Lì dentro ci sono i finanziamenti per il ponte sullo Stretto, che da soli valgono 1,3 miliardi. Il resto è per centinaia di interventi tra inceneritori, bonifiche, opere idriche, infrastrutture di trasporto, edilizia sanitaria, scolastica e sportiva, tutela del patrimonio culturale, progetti di riqualificazione urbana. «Abbiamo sottoscritto diciotto accordi di coesione, ma questo con la Sicilia è il più significativo», commenta Meloni. Rientra nella filosofia di destinare al Sud una quota di fondi per le infrastrutture pari al 40%, dunque maggiore rispetto al peso dei suoi abitanti. «Ho sempre contestato», spiega, «il principio per cui al Sud c’è il 34% della popolazione e quindi va il 34% di spesa infrastrutturale.

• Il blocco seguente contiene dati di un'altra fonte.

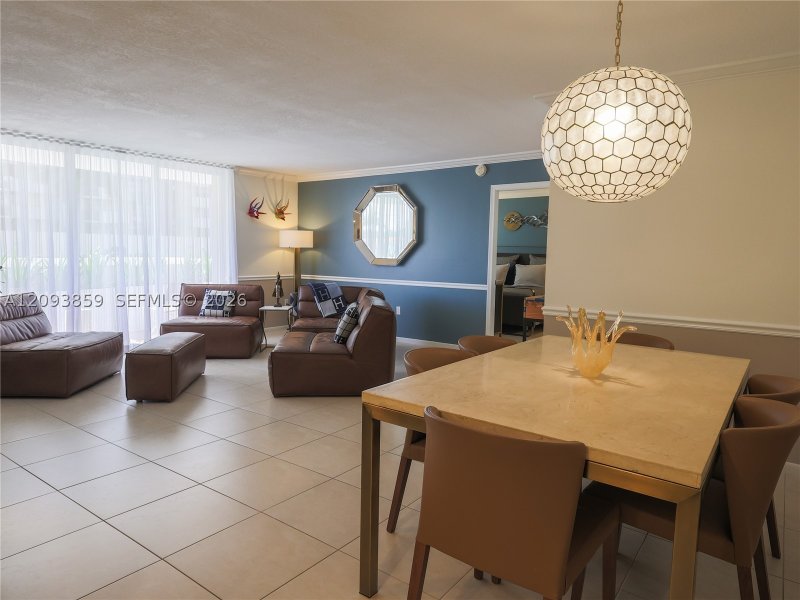 Condo for sale at Gables Plaza 203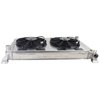 ExactFit Radiator ComboUnit for 1985-1987 Ford Truck & 1985-1996 Bronco - image 4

Perché al Sud c’è lo spopolamento, che è figlio soprattutto dell’assenza di infrastrutture».

 

 


Un’altra spinta all’economia dovrebbe venire dalla Zes del Mezzogiorno, la Zona economica speciale unica che garantisce credito d’imposta alle imprese che investono nelle regioni meridionali. «Abbiamo deciso di sostituire le Zes che avevamo, concentrate nelle zone retro-portuali, con un’unica zona economica speciale che investe tutto il Mezzogiorno», ha ricordato la presidente del consiglio, ringraziando il ministro Raffaele Fitto per avere spuntato con la Commissione Ue un accordo che non era scontato. Stamattina si replica a Caivano.Il centro comunale Delphinia, abbandonato e diventato un luogo dell’orrore (lì un branco di minorenni stuprò due cuginette di 13 anni), è stato trasformato a tempo di record in una nuova struttura affidata alle Fiamme oro, il gruppo sportivo della Polizia. «Ci sarà una bonifica radicale. Vogliamo riaprirlo entro la prossima primavera», aveva promesso la premier lo scorso agosto. Impegnandosi a trasformarlo in una struttura modello «nel nome di Giancarlo Siani», giornalista ucciso dalla camorra nel 1985. L’operazione, che sembrava impossibile, è riuscita.
 

«SEMPLICEMENTE GRAZIE»
Tutto è partito da don Maurizio Patriciello, il parroco della chiesa di Parco Verde, che inviò un sms a Meloni quando ancora non la conosceva, raccontandole ciò che avveniva lì. Intervistato sull’edizione di ieri del Mattino di Napoli, ha detto che non credeva nemmeno lui al successo del governo. «Ora è tempo di avere il coraggio e l’onestà di dire semplicemente grazie. A Dio innanzitutto, e poi concretamente e con tutto il trasporto dei cuori di ogni cittadino di Caivano a chi, come la premier Giorgia Meloni, ha mantenuto la parola data». Ma questo non fa altro che alzare il livello della polemica da parte dell’opposizione. «Andiamo avanti a passeggiate anche quando magari il tuo governo non c’entra assolutamente niente», attacca il governatore campano Vincenzo De Luca. Suo figlio Piero, deputato del Pd, nei giorni scorsi aveva detto che «questi spot sono diventati intollerabili, è il momento di dire basta alla logica della propaganda». Mentre per la senatrice piddina Valeria Valente «il governo dovrebbe ricordare che esistono tante altre Caivano». Nessuna concessione, insomma: à la guerre comme à la guerre, secondo il manuale non scritto della campagna elettorale. In mattinata, ai microfoni di Rai Radio 1, la premier aveva ribadito il progetto di «costruire una maggioranza diversa», di centrodestra, nel parlamento europeo. Non ha escluso una riforma della stessa Rai in questa legislatura: «Se ci si vuole mettere mano perché la legge fatta dal Pd non va bene, per me va bene. Ma non credo che spetti al governo, semmai al parlamento». Un nuovo possibile fronte con l’opposizione.